#### PROVIDED MATERIAL ####

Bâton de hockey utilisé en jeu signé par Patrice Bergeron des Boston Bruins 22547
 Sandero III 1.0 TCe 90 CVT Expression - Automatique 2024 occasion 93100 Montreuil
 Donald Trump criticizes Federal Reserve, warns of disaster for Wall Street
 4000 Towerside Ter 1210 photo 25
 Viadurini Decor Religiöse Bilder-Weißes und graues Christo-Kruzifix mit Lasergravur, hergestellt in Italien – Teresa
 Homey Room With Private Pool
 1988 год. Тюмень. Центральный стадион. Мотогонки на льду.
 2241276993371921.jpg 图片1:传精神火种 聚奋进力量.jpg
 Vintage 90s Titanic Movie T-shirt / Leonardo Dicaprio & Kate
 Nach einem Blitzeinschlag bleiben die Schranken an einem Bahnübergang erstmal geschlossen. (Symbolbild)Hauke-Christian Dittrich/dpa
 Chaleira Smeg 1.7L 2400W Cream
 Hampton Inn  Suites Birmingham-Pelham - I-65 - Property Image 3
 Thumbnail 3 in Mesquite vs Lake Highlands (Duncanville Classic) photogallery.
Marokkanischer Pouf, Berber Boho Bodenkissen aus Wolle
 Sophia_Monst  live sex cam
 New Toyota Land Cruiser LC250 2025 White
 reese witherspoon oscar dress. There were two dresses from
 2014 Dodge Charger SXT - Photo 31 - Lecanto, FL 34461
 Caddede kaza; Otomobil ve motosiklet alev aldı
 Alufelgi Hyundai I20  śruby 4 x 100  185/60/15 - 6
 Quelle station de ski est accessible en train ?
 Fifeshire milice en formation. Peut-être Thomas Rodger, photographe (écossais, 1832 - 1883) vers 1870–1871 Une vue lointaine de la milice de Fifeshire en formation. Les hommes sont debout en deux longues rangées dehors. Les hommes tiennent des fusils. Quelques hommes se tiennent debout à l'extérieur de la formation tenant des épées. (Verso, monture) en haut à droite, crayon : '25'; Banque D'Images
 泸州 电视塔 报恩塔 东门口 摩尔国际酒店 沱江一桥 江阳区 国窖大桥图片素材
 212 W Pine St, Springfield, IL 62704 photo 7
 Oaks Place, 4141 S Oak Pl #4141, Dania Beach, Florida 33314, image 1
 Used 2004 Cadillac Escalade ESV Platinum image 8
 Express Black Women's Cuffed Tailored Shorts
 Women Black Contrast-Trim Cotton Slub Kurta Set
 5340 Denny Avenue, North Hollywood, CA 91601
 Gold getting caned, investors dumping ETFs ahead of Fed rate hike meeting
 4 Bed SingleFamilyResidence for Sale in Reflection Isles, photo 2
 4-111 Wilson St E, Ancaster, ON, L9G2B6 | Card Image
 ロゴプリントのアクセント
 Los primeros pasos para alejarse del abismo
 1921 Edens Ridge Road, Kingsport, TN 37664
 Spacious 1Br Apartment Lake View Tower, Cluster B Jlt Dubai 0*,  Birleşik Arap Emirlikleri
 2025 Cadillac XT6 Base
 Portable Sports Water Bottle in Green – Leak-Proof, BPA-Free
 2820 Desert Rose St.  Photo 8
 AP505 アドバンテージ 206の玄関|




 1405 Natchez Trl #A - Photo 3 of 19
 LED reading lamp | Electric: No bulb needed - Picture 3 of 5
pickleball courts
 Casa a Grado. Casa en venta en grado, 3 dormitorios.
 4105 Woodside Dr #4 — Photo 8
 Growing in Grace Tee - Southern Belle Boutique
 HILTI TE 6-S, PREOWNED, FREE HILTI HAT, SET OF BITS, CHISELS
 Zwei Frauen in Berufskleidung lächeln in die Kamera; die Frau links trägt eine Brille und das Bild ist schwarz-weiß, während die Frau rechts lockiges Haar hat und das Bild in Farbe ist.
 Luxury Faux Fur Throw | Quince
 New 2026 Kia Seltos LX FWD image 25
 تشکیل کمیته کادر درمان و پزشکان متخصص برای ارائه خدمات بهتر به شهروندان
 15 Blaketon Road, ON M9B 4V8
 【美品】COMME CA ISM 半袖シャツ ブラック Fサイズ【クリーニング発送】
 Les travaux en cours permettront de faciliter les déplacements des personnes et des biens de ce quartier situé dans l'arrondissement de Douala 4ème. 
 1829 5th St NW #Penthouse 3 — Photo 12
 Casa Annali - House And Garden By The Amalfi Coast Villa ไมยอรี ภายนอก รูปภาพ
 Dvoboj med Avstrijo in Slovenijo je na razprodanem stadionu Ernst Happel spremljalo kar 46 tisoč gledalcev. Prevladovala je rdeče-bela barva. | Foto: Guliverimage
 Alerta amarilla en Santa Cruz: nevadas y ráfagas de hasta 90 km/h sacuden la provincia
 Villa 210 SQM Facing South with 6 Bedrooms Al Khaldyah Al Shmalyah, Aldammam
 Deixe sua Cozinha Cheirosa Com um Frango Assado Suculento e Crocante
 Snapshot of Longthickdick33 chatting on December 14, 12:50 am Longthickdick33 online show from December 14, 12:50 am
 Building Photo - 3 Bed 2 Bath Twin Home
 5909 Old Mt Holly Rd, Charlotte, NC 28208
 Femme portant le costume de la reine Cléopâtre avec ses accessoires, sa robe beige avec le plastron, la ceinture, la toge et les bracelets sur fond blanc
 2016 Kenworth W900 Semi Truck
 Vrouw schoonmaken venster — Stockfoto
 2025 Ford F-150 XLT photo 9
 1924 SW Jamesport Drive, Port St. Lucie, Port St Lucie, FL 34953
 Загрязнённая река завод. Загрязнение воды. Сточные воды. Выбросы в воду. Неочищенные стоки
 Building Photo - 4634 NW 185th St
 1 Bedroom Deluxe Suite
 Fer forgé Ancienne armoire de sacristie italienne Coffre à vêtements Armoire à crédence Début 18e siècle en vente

####

_WHAT NEEDS TO BE DONE_: Reproduce exactly every line that sits between the start of the entries and the line bearing "Chaleira Smeg 1.7L 2400W Cream", counting both of those lines.

_ANSWER BOX_:
Bâton de hockey utilisé en jeu signé par Patrice Bergeron des Boston Bruins 22547
 Sandero III 1.0 TCe 90 CVT Expression - Automatique 2024 occasion 93100 Montreuil
 Donald Trump criticizes Federal Reserve, warns of disaster for Wall Street
 4000 Towerside Ter 1210 photo 25
 Viadurini Decor Religiöse Bilder-Weißes und graues Christo-Kruzifix mit Lasergravur, hergestellt in Italien – Teresa
 Homey Room With Private Pool
 1988 год. Тюмень. Центральный стадион. Мотогонки на льду.
 2241276993371921.jpg 图片1:传精神火种 聚奋进力量.jpg
 Vintage 90s Titanic Movie T-shirt / Leonardo Dicaprio & Kate
 Nach einem Blitzeinschlag bleiben die Schranken an einem Bahnübergang erstmal geschlossen. (Symbolbild)Hauke-Christian Dittrich/dpa
 Chaleira Smeg 1.7L 2400W Cream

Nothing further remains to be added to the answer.